Critics are convenient punching bags.
I get the opportunity to talk with plenty of brewers throughout the course of any given year, and ninety-nine out of one hundred of them understand and appreciate the role of independent media and critique in the overall community, but then there’s always that one.
The jabs usually take a predictable arc—“you don’t have skin in the game; all you do is tear down our hard work; who cares what you think; I’ve invested X number of dollars in my business and you have the nerve to say my beer isn’t good?”
Such arguments miss the point of criticism entirely. While our media business is a relatively small selfowned one with personal money on the line (we definitely have “skin in the game”), that’s immaterial to the bigger question of the value of critique. Good criticism is much more than “you should drink this and don’t drink that” or “I pick up trace amounts of diacetyl in this beer.” It’s about creating a framework for understanding the relationships among creative practitioners while celebrating and defining those who propel our community of creative brewing forward. It’s about championing the influencers, shining light on those who make interesting contributions to the world of brewing, and engaging with the question of what is good. The “why” is more important than the “what.”

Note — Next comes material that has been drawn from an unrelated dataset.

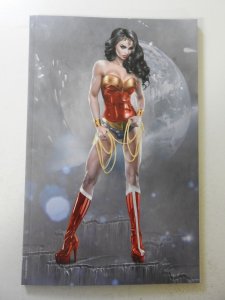 Wonder Woman 80th Anniversary 100-Page Super Spectacular Sanders Variant NM Cond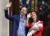 지난해 4월 23일 윌리엄 왕세손과 케이트 미들턴 왕세손비가 아이를 낳은 후 대중을 향해 손을 흔들고 있는 모습. [AP=연합뉴스]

“Good” is subjective, evolves with time, and is highly influenced by the other things our palates experience in the broader world of eating and drinking. We sometimes fall prey to thinking that, because we have codified guides to beer styles, there is some sort of Platonic ideal for every style and the brewer’s job is to slavishly reproduce them perfectly. But the truth is that beer styles are lagging indicators—descriptive definitions built from clusters of commercial examples—and not prescriptive roadmaps. The creativity of brewers is not constrained by styles—the definitions get changed as brewers make their own compelling (and delicious) arguments for those changes.
The conversations we have about these things aren’t always visible, but they inform the way we write about everything. From heated discussions among our review panelists about how styles are evolving to story discussions with our writers, we consistently challenge our own assumptions about what’s good and remain open to new experiences that might change our minds.
There’s still a place for this kind of critical writing and thinking about beer, even now in an age where Untappd scores and Yelp reviews can tell you what the general population thinks. More than just numerical scores, we strive to provide the context and cultural argument for why things are good, in turn helping you understand why you like and dislike things. But our primary mission is to celebrate the good and shine a bright spotlight on those brewers who are doing creative, exacting, groundbreaking work in the world of brewing.
Whether you embrace the cutting edge of brewing or simply love your old standbys, we hope you enjoy this issue. We made it for you.